POSTGRES: Output in database.

CLI Usage#

Stop CSV output:

flatterer --nocsv INPUT_FILE OUTPUT_DIRECTORY

xlsx output:

flatterer --xlsx INPUT_FILE OUTPUT_DIRECTORY

sqlite output:

flatterer --sqlite INPUT_FILE OUTPUT_DIRECTORY

parquet output:

flatterer --parquet INPUT_FILE OUTPUT_DIRECTORY

postgres output:

flatterer --postgres='postgres://user:pass@host/dbname' INPUT_FILE OUTPUT_DIRECTORY

The connection string should be in one of these formats. In addition, if you want the connection string from an environment variable then use the string env (for default DATABASE_URL enviroment variable) env=MY_ENV_VAR (for MY_ENV_VAR environment variable).

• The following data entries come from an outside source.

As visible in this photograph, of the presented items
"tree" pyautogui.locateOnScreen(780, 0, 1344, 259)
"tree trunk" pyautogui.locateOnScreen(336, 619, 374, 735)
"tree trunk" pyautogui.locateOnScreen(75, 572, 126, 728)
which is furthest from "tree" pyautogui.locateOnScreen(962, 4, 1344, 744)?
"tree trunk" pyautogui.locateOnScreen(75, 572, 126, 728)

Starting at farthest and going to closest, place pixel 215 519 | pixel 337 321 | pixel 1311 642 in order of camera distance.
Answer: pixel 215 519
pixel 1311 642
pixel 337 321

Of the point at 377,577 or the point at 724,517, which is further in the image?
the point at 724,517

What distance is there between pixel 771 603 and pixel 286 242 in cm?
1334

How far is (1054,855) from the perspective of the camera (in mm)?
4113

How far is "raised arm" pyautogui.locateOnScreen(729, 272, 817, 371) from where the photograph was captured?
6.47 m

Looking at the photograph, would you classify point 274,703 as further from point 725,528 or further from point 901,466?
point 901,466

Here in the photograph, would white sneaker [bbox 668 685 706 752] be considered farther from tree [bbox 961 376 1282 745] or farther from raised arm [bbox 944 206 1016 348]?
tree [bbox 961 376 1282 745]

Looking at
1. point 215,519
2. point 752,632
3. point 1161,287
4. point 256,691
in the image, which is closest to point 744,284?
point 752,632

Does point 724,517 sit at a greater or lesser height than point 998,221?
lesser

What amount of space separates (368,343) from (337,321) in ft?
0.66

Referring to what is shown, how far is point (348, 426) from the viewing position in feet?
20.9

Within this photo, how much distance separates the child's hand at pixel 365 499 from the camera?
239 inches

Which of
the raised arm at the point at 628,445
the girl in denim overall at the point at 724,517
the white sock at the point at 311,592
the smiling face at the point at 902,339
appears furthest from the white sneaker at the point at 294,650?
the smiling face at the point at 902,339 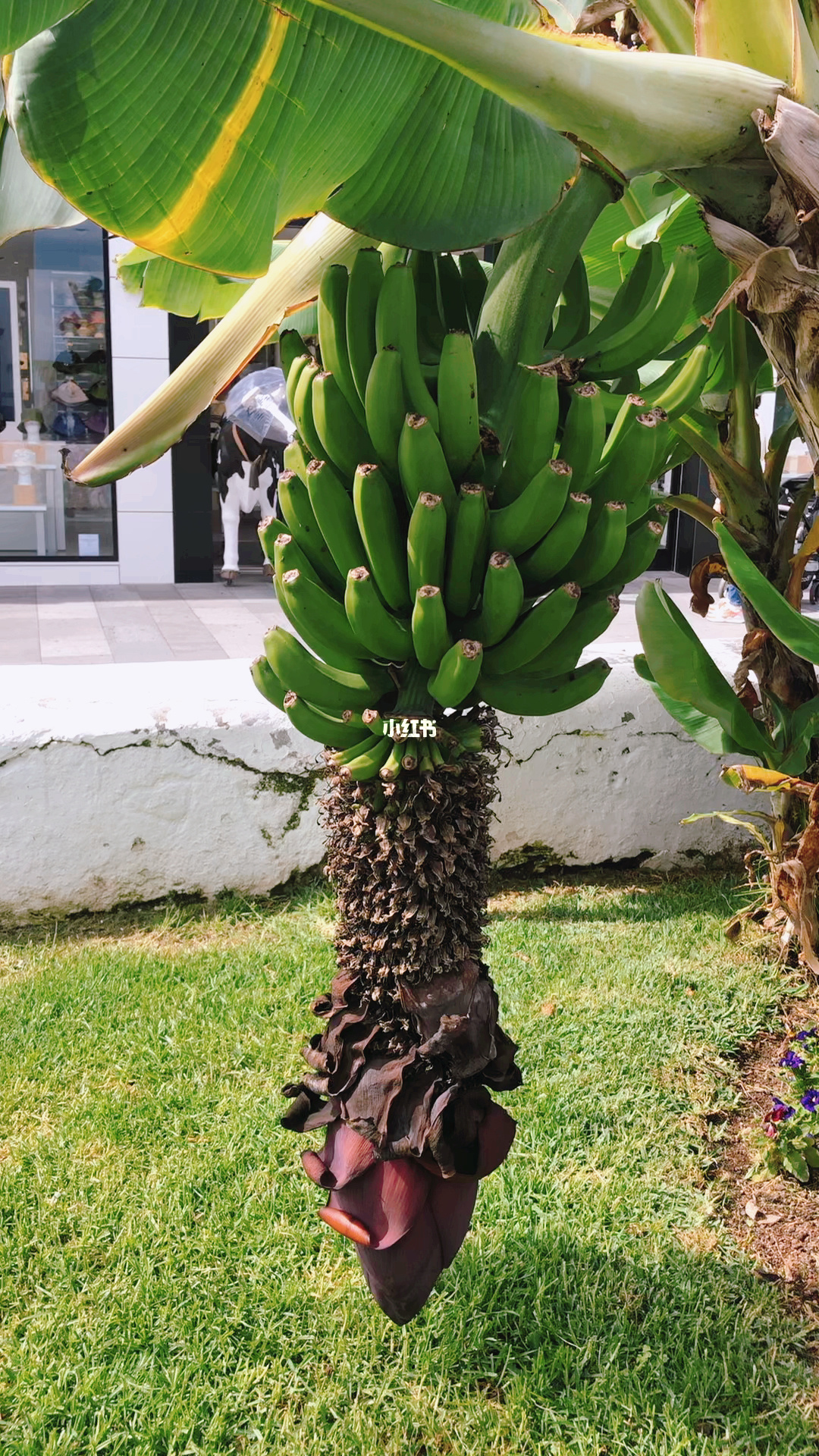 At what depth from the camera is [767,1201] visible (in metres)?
2.70

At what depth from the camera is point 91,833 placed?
3.95 m

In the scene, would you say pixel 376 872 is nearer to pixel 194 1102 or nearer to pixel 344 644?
pixel 344 644

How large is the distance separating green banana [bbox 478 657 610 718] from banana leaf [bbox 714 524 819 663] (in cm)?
96

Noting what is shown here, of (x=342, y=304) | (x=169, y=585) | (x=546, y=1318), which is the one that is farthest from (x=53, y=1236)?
(x=169, y=585)

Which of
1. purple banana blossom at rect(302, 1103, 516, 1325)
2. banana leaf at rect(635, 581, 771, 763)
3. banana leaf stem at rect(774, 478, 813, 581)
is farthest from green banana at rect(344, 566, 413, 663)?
banana leaf stem at rect(774, 478, 813, 581)

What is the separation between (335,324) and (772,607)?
1.30 m

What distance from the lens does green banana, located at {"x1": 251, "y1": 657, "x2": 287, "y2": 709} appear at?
1372 mm

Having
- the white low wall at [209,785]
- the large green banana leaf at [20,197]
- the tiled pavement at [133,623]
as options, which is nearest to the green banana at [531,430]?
the large green banana leaf at [20,197]

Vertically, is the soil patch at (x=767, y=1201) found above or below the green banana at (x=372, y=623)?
below

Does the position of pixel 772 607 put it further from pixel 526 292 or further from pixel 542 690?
pixel 526 292

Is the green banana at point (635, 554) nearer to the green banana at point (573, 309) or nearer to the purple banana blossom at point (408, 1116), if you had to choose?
the green banana at point (573, 309)

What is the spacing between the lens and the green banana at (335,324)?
47.7 inches

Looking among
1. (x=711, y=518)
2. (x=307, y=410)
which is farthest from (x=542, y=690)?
(x=711, y=518)

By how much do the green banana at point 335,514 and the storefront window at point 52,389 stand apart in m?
9.91
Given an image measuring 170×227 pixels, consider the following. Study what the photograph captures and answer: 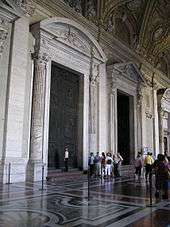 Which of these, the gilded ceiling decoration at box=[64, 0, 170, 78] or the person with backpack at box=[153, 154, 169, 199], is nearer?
the person with backpack at box=[153, 154, 169, 199]

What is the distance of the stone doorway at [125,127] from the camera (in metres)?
17.9

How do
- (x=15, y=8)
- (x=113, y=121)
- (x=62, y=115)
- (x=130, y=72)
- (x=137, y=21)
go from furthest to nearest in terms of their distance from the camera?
→ (x=137, y=21) < (x=130, y=72) < (x=113, y=121) < (x=62, y=115) < (x=15, y=8)

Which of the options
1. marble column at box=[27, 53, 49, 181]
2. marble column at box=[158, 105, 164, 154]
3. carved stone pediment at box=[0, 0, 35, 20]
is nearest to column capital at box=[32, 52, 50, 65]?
marble column at box=[27, 53, 49, 181]

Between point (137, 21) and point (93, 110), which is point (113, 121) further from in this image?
point (137, 21)

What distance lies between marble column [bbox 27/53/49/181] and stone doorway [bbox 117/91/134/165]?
7601mm

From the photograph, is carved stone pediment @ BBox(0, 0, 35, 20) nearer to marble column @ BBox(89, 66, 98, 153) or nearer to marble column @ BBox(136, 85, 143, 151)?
marble column @ BBox(89, 66, 98, 153)

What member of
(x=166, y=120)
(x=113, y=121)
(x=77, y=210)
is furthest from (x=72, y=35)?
(x=166, y=120)

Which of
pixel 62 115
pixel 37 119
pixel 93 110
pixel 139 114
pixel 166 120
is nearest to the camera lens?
pixel 37 119

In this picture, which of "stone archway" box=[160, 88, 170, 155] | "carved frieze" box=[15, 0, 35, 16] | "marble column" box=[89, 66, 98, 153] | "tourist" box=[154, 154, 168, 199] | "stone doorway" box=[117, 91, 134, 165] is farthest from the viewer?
"stone archway" box=[160, 88, 170, 155]

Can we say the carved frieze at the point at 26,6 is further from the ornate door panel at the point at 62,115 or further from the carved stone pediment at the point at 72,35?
the ornate door panel at the point at 62,115

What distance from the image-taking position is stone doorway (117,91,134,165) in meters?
17.9

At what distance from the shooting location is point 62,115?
13.0 meters

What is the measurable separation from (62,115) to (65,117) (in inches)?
8.8

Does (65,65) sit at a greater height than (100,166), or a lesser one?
greater
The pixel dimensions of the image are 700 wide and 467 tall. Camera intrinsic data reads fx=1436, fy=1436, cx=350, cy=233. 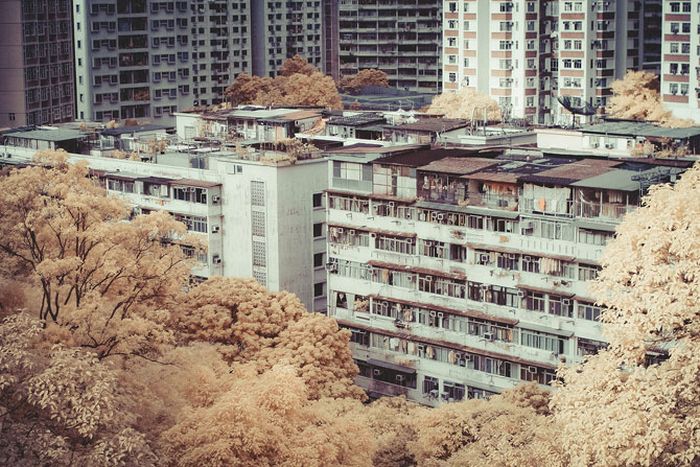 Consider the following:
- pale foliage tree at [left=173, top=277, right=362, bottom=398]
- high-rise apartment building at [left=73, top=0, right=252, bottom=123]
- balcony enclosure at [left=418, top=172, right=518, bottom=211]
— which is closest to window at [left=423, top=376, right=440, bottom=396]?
pale foliage tree at [left=173, top=277, right=362, bottom=398]

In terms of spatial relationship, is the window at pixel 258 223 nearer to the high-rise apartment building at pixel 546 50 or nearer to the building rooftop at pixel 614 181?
the building rooftop at pixel 614 181

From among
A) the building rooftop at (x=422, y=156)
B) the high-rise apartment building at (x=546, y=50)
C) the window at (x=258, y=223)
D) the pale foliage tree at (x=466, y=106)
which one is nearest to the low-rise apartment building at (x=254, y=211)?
the window at (x=258, y=223)

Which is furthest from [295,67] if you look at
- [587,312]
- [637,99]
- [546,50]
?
[587,312]

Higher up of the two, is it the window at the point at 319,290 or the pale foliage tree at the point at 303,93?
the pale foliage tree at the point at 303,93

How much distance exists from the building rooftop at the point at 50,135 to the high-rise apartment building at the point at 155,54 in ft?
136

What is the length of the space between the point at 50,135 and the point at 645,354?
60.6 m

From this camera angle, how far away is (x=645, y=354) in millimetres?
25188

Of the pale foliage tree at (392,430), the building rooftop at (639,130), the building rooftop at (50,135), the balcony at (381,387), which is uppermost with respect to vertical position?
the building rooftop at (639,130)

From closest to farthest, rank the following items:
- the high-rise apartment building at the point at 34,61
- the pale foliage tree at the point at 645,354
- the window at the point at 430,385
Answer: the pale foliage tree at the point at 645,354 → the window at the point at 430,385 → the high-rise apartment building at the point at 34,61

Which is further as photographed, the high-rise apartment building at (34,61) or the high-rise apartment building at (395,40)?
the high-rise apartment building at (395,40)

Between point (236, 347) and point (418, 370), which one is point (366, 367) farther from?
point (236, 347)

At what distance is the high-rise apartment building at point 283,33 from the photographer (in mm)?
147750

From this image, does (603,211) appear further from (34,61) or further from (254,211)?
(34,61)

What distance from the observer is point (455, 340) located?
57.1 meters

postgres output from envirment variable:

flatterer --postgres='env=MY_ENV_VAR' INPUT_FILE OUTPUT_DIRECTORY

This will get the connection string from the MY_ENV_VAR environment variable.

Python Usage#

Export sqlite, xlsx, and parquet but not CSV.

import flatterer

flatterer.flatten('inputfile.json', 'ouput_dir', csv=False, sqlite=True, xlsx=True, parquet=True, postgres='postgres://user:pass@host/dbname')

Main Table Name#

Name of the table that represents data at the root of the JSON object.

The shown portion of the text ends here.